Kaggle: Open Source Competitions

Introduction

Kaggle is an online platform that hosts Machine Learning competitions. The Kaggle rank distribution looks like this:

Rank	#Holders
Grandmaster	262
Master	1,843
Expert	8,191
Contributer	70,159
Novice	102,352

Note: One conclusion that i would draw from the rank distribution is that there are not that many persistant people in the ML field, and there is a rather big amount of hype and just scratching the surface going on.

Build a good ML model in 3 stages

Turn your business problem into a ML problem (build the dataset right)
Build a good ML model
- pick the right approach
- do good feature engineering
- statistically evaluate the model using (k-fold) Cross-Validation
- use a regularizer or dropout to avoid overfitting
Productionize the model

High performing models

Gradient boosting (XGBoost) seems to outperform random forests (also an ensemble method) by a little bit
Random forests (the ensemble variant of decision trees)
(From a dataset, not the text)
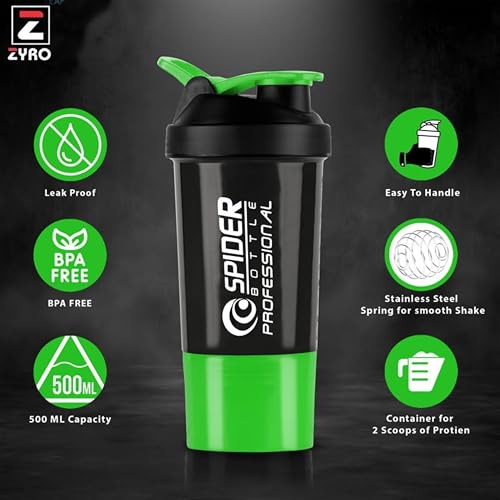 Image of Zyro Spider Gym Shaker Bottle, Shakers for Protein Shake 500 Ml with 1 Storage Compartment Gym protein shaker for workout (Pack of 1, Green)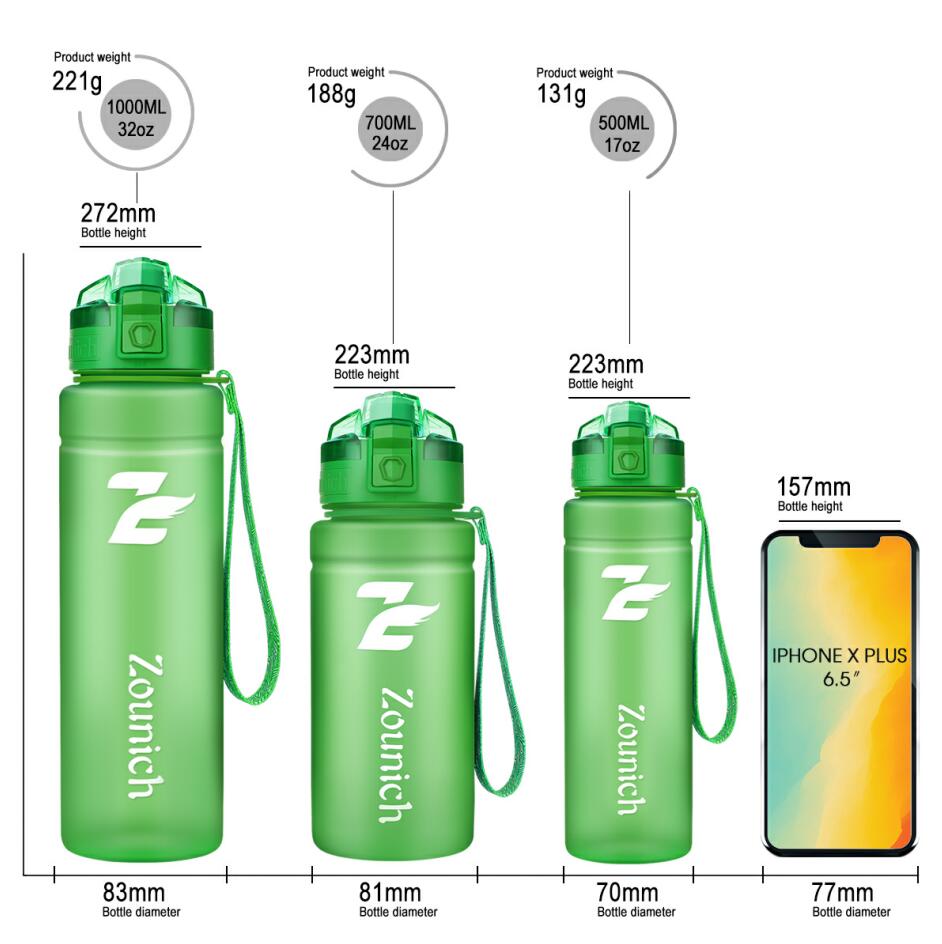 Reise flasker lekkasjesikker plast vannkoker 700ml bpa gratis sport vannflasker protein shaker utendørs tritan plast drikkeflaske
What seperates winning entries from others

Good feature engineering. Here are some creative examples from top submissions:
- Extend a text dataset with Googe-Translate (non-linear, because if you translate to another language and then back again the result won’t necessarily be the original sentence) from $A \rightarrow B \rightarrow A’$ with $A$ and $B$ being the same sentence in different languages.
- Extract a lot (>70) of different features from just a date or timestamp, such as the season (summer/winter), if it’s weekday or weekend, also merging with other data such as events (holiday or not?)
Appropriate and rich image augmentation for computer vision (CV) tasks
For Reinforcement Learning competitions with a simulator that only offers a couple of testruns a day, an excellent strategy is to actually rebuild the simulator (mimick the rewards and structure as close as possible within reasonable timespans) to have a local evaluation tool available for tuning

Reinforcement Learning in Kaggle

Kaggle now also invests into Reinforcement Learning through simulation-based challenges, like the Lux AI competition (see image above).

References

A lot of info from this blogpost comes an interview with Anthony Goldbloom, founder of Kaggle. He talks about approaches that are commonly used by winning competetors and how submissions evolved over the years as Data Science matured and Deep Learning entered the field as another competitive approach.